|
Post by goolash on Nov 8, 2022 12:21:48 GMT
HI Everyone Probably this is the only place in the web where I can gat any help on my isue. So, I bought the nonfunctional a500 unit. Of course, I got no idea of what she was through. After fixing up some bad soldier job on the only electrolytic capacitor. I manage to boot her up to some extent. She boots up until the point where the music starts and then she goes off. Looking at the UART logs I have noticed two things - Probably NAND must be corrupted - She restarts herself after login prompt in console pops out: Starting THEA500...
starting pid 1020, tty '/dev/ttyS0': '/sbin/getty -L ttyS0 0 vt100 '
___ _ ___ _ _ _
| _ \___| |_ _ _ ___ / __|__ _ _ __ ___ ___ | | | |_ __| |
| / -_) _| '_/ _ \ | (_ / _` | ' \/ -_|_-< | |_| _/ _` |
|_|_\___|\__|_| \___/ \___\__,_|_|_|_\___/__/ |____\__\__,_|
RedquarkSix - THEA500 Mini
process '/sbin/getty -L ttyS0 0 vt100 ' (pid 1020) exited. Scheduling for restart.

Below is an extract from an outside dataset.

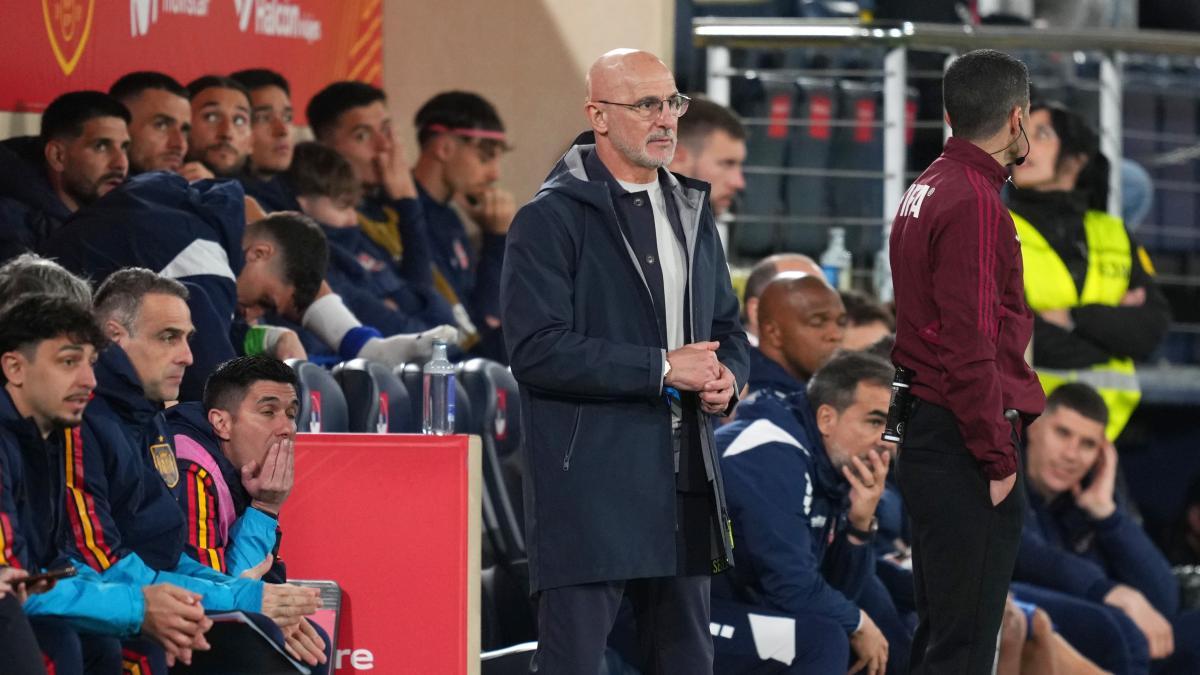 
                                                                                                   De la Fuente: “No es tan fácil cambiar de portero, es un puesto muy especial”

starting pid 1032, tty '/dev/ttyS0': '/sbin/getty -L ttyS0 0 vt100 '
___ _ ___ _ _ _
| _ \___| |_ _ _ ___ / __|__ _ _ __ ___ ___ | | | |_ __| |
| / -_) _| '_/ _ \ | (_ / _` | ' \/ -_|_-< | |_| _/ _` |
|_|_\___|\__|_| \___/ \___\__,_|_|_|_\___/__/ |____\__\__,_|
RedquarkSix - THEA500 Mini
redquarksix login: [ 12.019565] sunxi_dramfreq_irq_enable_control: the key master doesn't exit
[ 12.027536] sunxi_dramfreq_irq_mask_control: the key master doesn't exit[ 12.035880] [NAND]shutdown_flush_write_cache
[ 12.041285] [NAND][NAND]shutdown end
[ 12.150701] Restarting system.
So my question is. Is there anyway to reflash the FW over the UART console ? I'm OK with desolder the NAND and reprogram it over the external programmer, however I want to avoid that due to proximity of the processor. I'm also attaching the whole bootlog here putty.log (12.36 KB)
|
|
|
Post by spannernick on Nov 8, 2022 13:56:21 GMT
To me it looks like it has a problem reading the bod file thats part of the carousel, it only does that if someone had tried to change it. This might help you, look for THEA500 Mini part in the post `On THEA500 - How to Copy Nandb to THEA500 and restore THEA500.` - thec64community.online/thread/76/2022-thec64-mini-maxi-bacup
|
|
|
Post by jj0 on Nov 8, 2022 14:40:37 GMT
There's a lot of background info here, and also RGL have described how to boot into a shell here. At first glance I suspect that something happened to the SoC backup key that is checked by the manhattan binary and if it is incorrect it reboots. oleavr has a solution for that, but it's not on this forum I think?
|
|
|
Post by goolash on Nov 8, 2022 15:45:02 GMT
thak you for the response. I'm actually having this bizzare error thats keeps me away from mounting the nand.ko and usb drive. / # [ 2.280013] HDMI cable is connected
[ 2.540961] scsi 0:0:0:0: Direct-Access USB Flash Memory PMAP PQ: 0 ANSI: 0 CCS
[ 2.551941] sd 0:0:0:0: [sda] 7839744 512-byte logical blocks: (4.01 GB/3.73 GiB)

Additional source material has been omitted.